PITTSBURGH — One of the biggest days of Mike Brey’s career began with sorrow. The Notre Dame coach learned Saturday morning, hours before the Irish beat Butler in overtime to earn a spot in the Sweet 16 of the NCAA Tournament, that his mother, Betty, had died of a heart attack.
Brey — who turned 56 on Sunday — kept the news from his players until after the game.
“I feel I should address at this time, I lost my mother this morning to a heart attack,” he announced at the start of his postgame press conference. “[Tonight] was kind of a tribute to her. It was really a special night.”
Betty Brey died in Orlando at the age of 84, according to the coach, although an internet search listed her birthdate as Nov. 23, 1931, which, if accurate, means the former U.S. Olympic swimmer was 83. She competed in the 1956 Summer Olympics in Melbourne, Australia, and later became a high school educator like Brey’s father, who is still alive.
“An unbelievable woman,” Brey said, “a woman ahead of her time and probably the real driving force behind everything I’ve done. So it was an interesting day, to say the least, and I felt I should at least address that. I think she was definitely with us down the stretch.”
He described his mother as the “ultimate competitor.”

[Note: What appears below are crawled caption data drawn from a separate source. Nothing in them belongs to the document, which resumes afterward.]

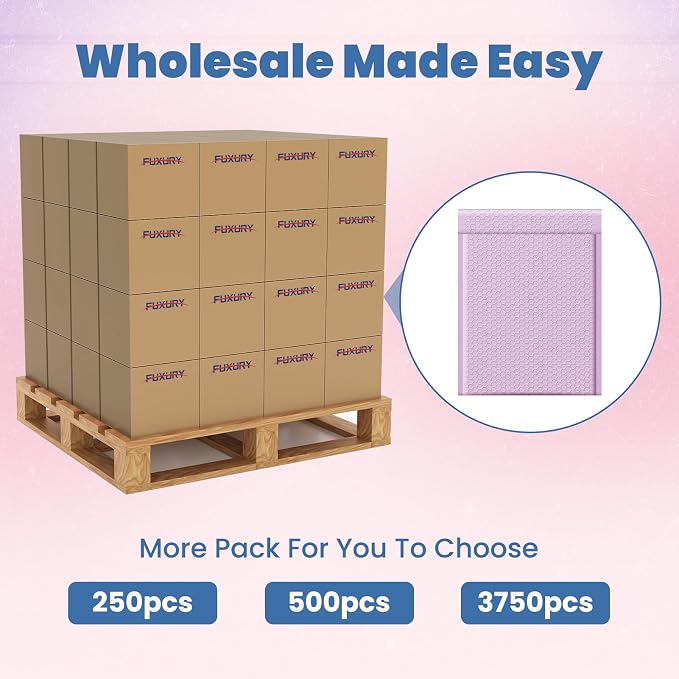 Fuxury Bubble Mailers Bulk 10x13 Inch Lavender 500 Pack | Opaque Padded Envelopes for Clothing, Books, Makeup & Accessories, Self Seal Shipping Bags for Small Business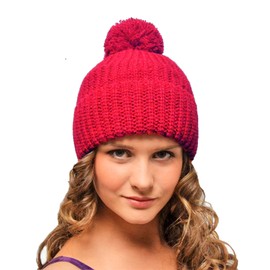 Entire Empire Red Bobble Hat Women Woolly Hat Bobble Beanie with Pompom for Women Red Winter Hat Chunky Knit Ladies Cap Hat Womens Christmas Santa Hat (Red)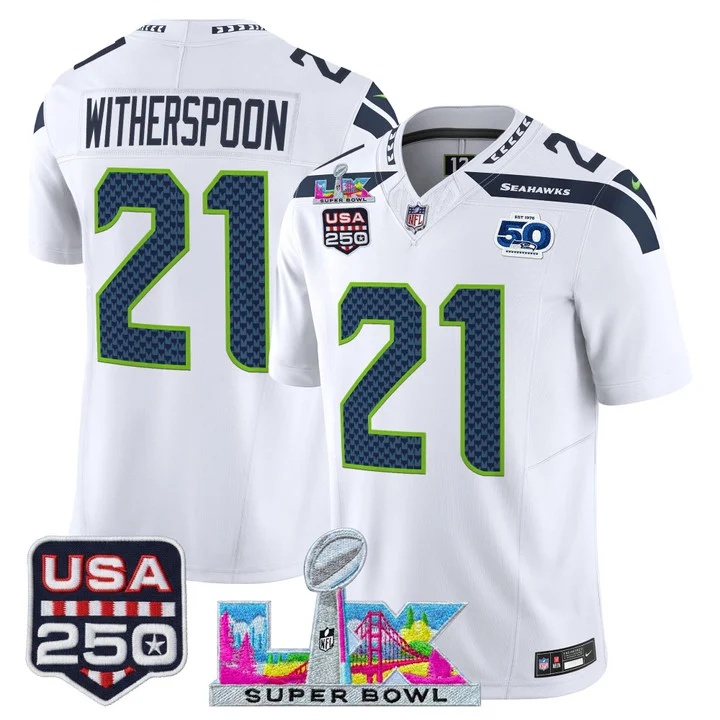 Men's Seattle Seahawks Super Bowl LX & United States 250th Anniversary Patch Vapor Limited Jersey - All Stitched  21 Devon Witherspoon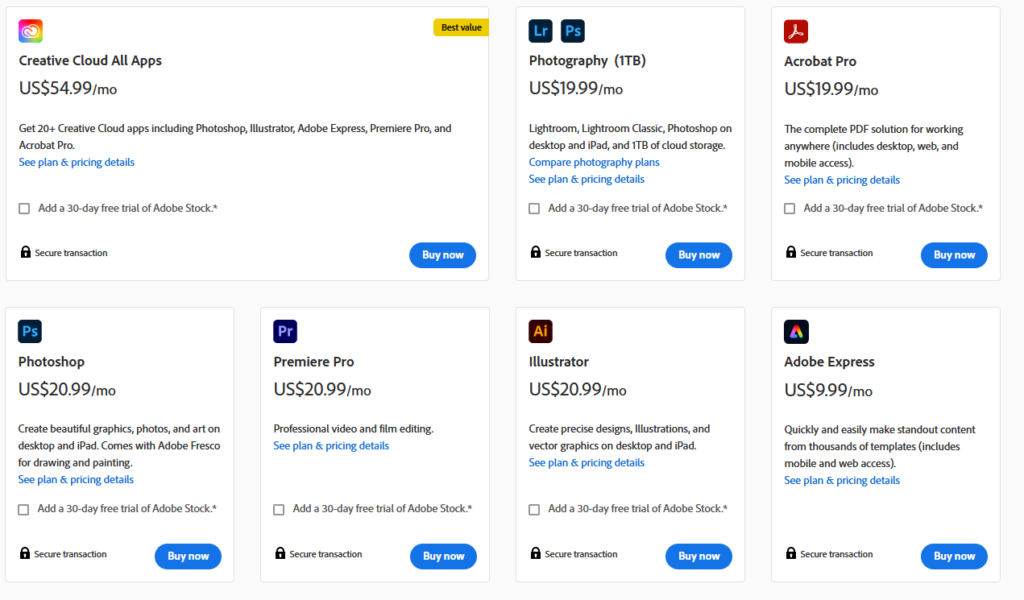 Quel est le meilleur niveau de tarification d’Adobe Creative Cloud pour vous ?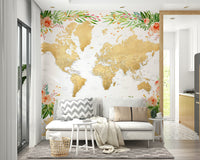 Floral pattern world map wall decor

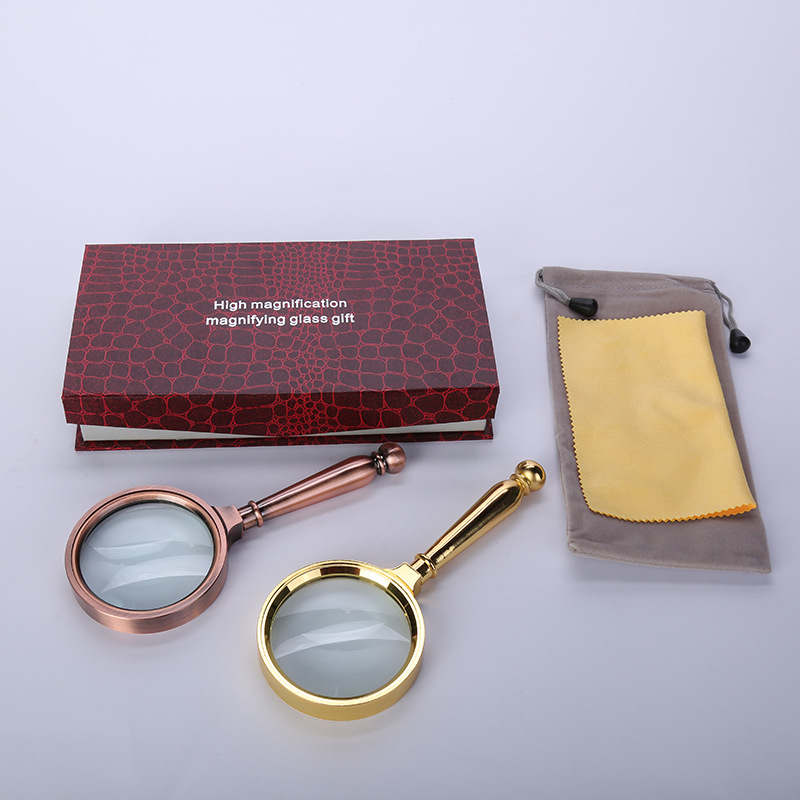 Wholesale of fashionable new metal ring gold-plated simple straight handle magnifying glass, personalized handheld reading glass for the elderly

“She used to call — I’d talk to her during the season and very rarely did I get, ‘Hey, Mike, how you doing?’ It’s like, ‘Have you got them ready? Are they ready? I think we can beat Duke, Mike.’ It’s unbelievable. She was intense.”
Brey has a brother and a sister in Orlando and kept in contact with them throughout the day. He planned to travel to Orlando on Sunday before returning to South Bend on Monday.